Yuanyuan Hu , Yahong Zhang * and Yi Tang
Department of Chemistry, Shanghai Key Laboratory of Molecular Catalysis and Innovative Materials, Institute of Catalysis, Fudan University, Shanghai, 200433, PR China. E-mail: zhangyh@fudan.edu.cn; Fax: +86-21-65641740

Received 21st October 2011 , Accepted 25th April 2012

First published on 31st May 2012


Abstract

An in situ microwave-assisted Fenton-like oxidation has been developed for detemplation of the nanozeolite β without any pretreatment. The influencing factors on the removal of structure-directing agents (SDAs) in the nanozeolite β, such as the composition of Fenton-like reagents (pH, H2O2/TEA+, Fe3+/H2O2) and microwave operation conditions, are investigated, to find that the SDAs in the micropores and solution of the as-prepared nanozeolites could be completely eliminated within 15 min. In comparison with those obtained by the traditional high-temperature calcination, the Fenton-treated nanozeolite particles not only preserve their monodispersity and large external surface area, but also avoid the formation of extra-framework aluminum, which renders an enhanced catalytic performance in fructose dehydration.


Introduction

Nanosized zeolites (nanozeolites) are believed to have excellent applications as a catalyst, adsorbent, carrier for inorganic and organic molecules and building blocks of hierarchical structure, owing to their small size, short channel, large external surface area, defined porosity and controllable surface properties.1,2 Many nanozeolites are usually synthesized in the presence of structure-directing agents (SDAs, e.g. quaternary ammonium salts).3 The SDAs will be embedded in the micropores of the resulting nanozeolite particles, which have to be removed before their application. So far, the most widely used method for the removal of SDAs is calcination at high temperature (400–600 °C). However, the calcination process often not only causes irreversible aggregation of nanozeolites, so that they lose their monodispersity and external surface, but also leads to structural and compositive inhomogeneities. These will greatly influence the physical and chemical properties of the nanozeolites. For example, the dealumination caused by calcination often produces extra-framework aluminum (EF-Al), which will affect the amount and distribution of acid sites as well as the catalytic properties of the nanozeolite.4 Moreover, such dealumination will become more visible for zeolite β due to its larger framework flexibility and higher number of T-atoms in the four-membered rings.4 Zeolite β is of special interest because of its 12-ring pore structure, which is large enough to accommodate commercially interesting hydrocarbons, allowing catalytic reforming, alkylation, dewaxing, cracking and so on.5 Recently, several low-temperature detemplation (T < 200 °C) techniques have been developed, especially advanced oxidation methods using nitric acid/hydrogen peroxide,6 ozone/oxygen,7 ultraviolet light,8 oxygen plasma9 and Fenton reagent4 as the oxidants. The mild treatment conditions not only avoid the huge consumption of heat but also preserve the morphology, size and pristine structure of the materials. However, these methods are usually time consuming and employ complex manipulation and instruments.
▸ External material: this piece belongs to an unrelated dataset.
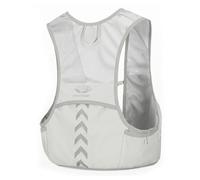HUIOP Hydration Vest for Running, Portable Outdoor Hydration Backpack, Splash Resistant Cycling Bag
As a new kind of clean energy, microwaves are widely used in chemical synthesis owing to their unique energy conversion mode.10 The dielectric heating characteristics of microwaves can bring about the selective heating of different substrates or solvents in a reaction system,10,11 and therefore significantly reduce the synthesis time from several days to several hours, or even minutes.

Herein, we have developed an in situ microwave-assisted Fenton-like oxidation method (Fe3+/H2O2) to quickly remove SDAs of the as-prepared nanozeolites β. Compared with the traditional high-temperature calcination, this detemplation method is able to not only completely remove SDAs in the as-prepared nanozeolites within 15 min but also preserves the intrinsic framework structure and monodispersity of the nanozeolites, which ensures their promising catalytic and assembly performance.

Experiment

Reagents

Fused silica (Aerosil 400, Shanghai Chlorine Alkali Industry), tetraethylammonium hydroxide (TEAOH, 20 wt%, Sinopharm Chemical Reagent Co. Ltd), aluminum foil (≥99.5%, Sinopharm Chemical Reagent Co. Ltd), ferric nitrate (Fe(NO3)3·9H2O, Shanghai Reagent factory), hydrochloric acid (HCl, 36 wt%, Shanghai Reagent factory), H2O2 (30 wt%, Shanghai Reagent factory) and distilled water, were used.

Synthesis of nanozeolite β

Nanozeolite β was hydrothermally synthesized under microwave irradiation according to a gel composition of 1SiO2:0.016Al2O3:0.16(TEA)2O:10.78H2O.12 After the relatively low temperature process (100 °C) for 60 min under the microwave irradiation, the temperature is increased to 150 °C for about 360 min to complete the crystallization of nanozeolite β. The resulting colloidal solution of nanozeolites was collected without any treatment.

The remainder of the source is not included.